Artificial Intelligence 13 min read

Industry Search: Background, Technologies, and Real‑World Applications

This article presents a comprehensive overview of industry search, covering its background, core retrieval and ranking technologies—including sparse and dense retrieval, pre‑trained language models, tokenization, NER, adaptive multi‑task training, and re‑ranking models—followed by detailed case studies such as address analysis, family‑ID unification, emergency call handling, education photo‑search, and power‑knowledge‑base integration.

DataFunTalk
DataFunTalk
DataFunTalk
Industry Search: Background, Technologies, and Real‑World Applications

The presentation introduces industry search, beginning with its background and the need to bridge user information needs with large resource repositories, illustrated through e‑commerce query examples.

It explains the fundamental search pipeline, distinguishing sparse retrieval (keyword‑based inverted indexes) from dense retrieval (pre‑trained language‑model embeddings), and outlines the typical stages of recall, coarse ranking, fine ranking, and re‑ranking.

A comparison between consumer‑internet and industrial‑internet search highlights differences in user volume, performance requirements, and algorithmic focus, noting that industrial search often emphasizes recall and relevance over conversion metrics.

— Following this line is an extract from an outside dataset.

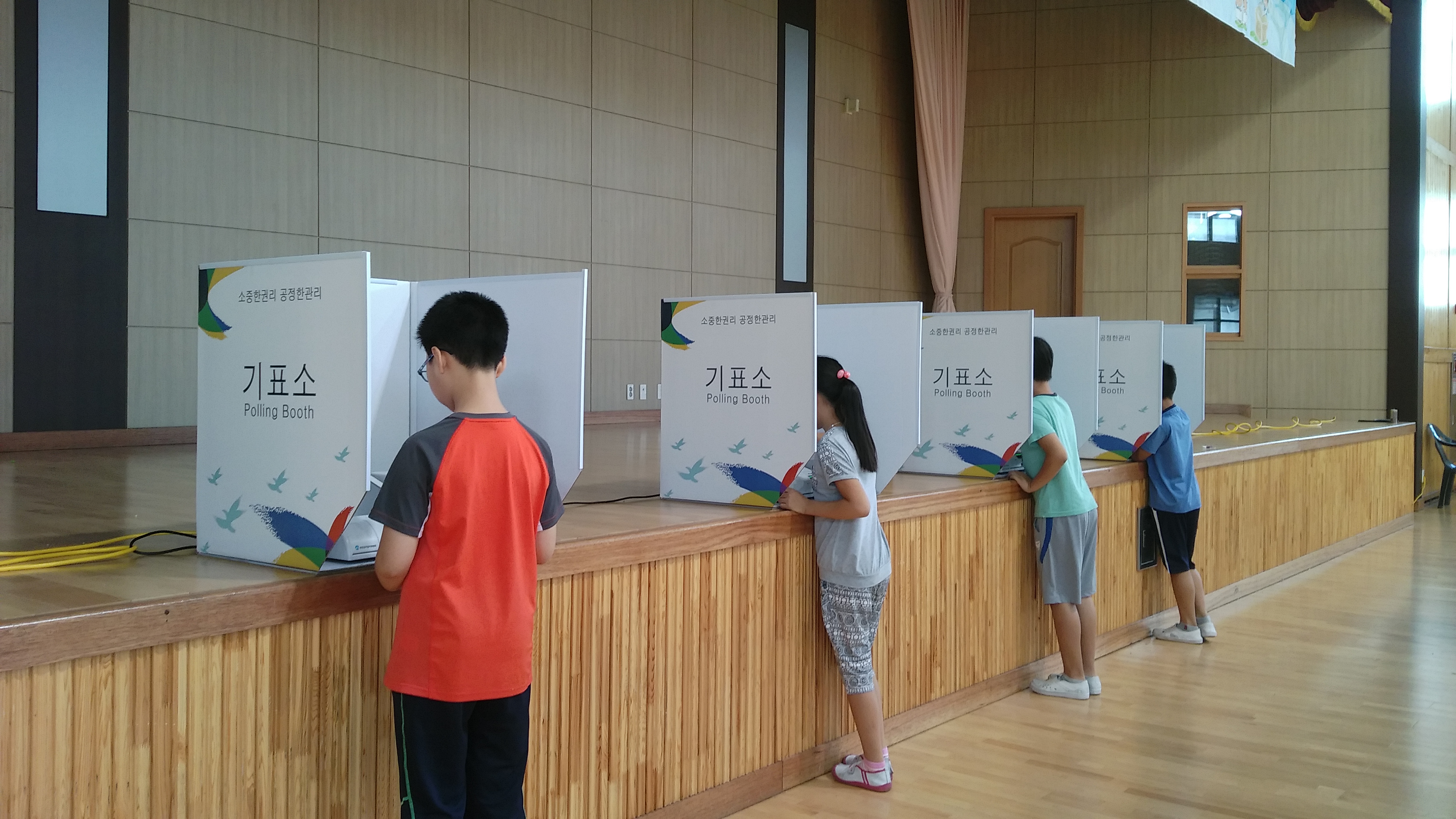 4개의 기표소에서 각각 4명의 학생들이 투표를 하고 있는 모습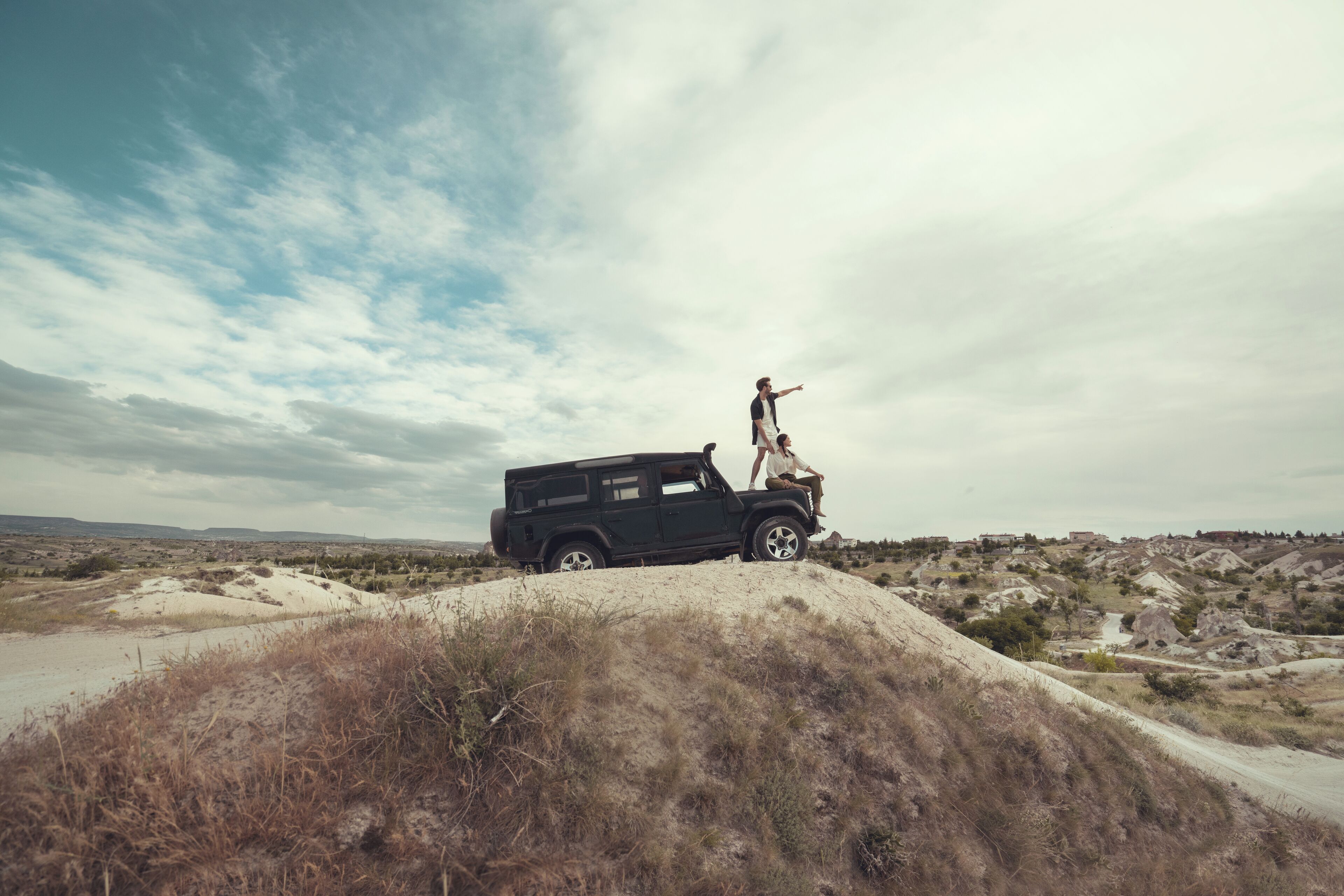 En sort SUV holder parkeret på en sandet bakke, med en person stående øverst og kigge ud over et landskab med sparsom vegetation og fjerne bygninger.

The article then surveys related research, describing Alibaba DAMO Academy’s AliceMind hierarchical pre‑training framework, advances in tokenization for task‑specific NLP, cross‑domain unsupervised tokenization, and improvements in named‑entity recognition (NER) for short queries.

It introduces adaptive multi‑task training (MOMETAS) to reduce inference cost by sharing a single encoder across tasks, and presents the ROM pre‑training model for retrieval‑enhanced embeddings, which achieves state‑of‑the‑art results on MS MARCO.

The HLATR re‑ranking model is described as a list‑aware Transformer that fuses multiple classifier outputs, delivering significant gains in the final ranking stage.

Several industry applications are detailed: (1) an address‑analysis product that builds a knowledge graph and a multimodal geographic language model; (2) a Family‑ID system that normalizes disparate address representations to unify customer identities; (3) an emergency‑call solution that combines ASR, query correction, intent detection, and multi‑stage search to pinpoint incident locations; (4) an education photo‑search system that integrates OCR, spell correction, subject prediction, multimodal intent understanding, and vector‑based retrieval to solve exam‑question queries; and (5) a power‑knowledge‑base unified search that handles semi‑structured data, AI‑driven document processing, and downstream QA.

The talk concludes by emphasizing the maturity of these search pipelines and their deployment across numerous Chinese cities and industry sectors.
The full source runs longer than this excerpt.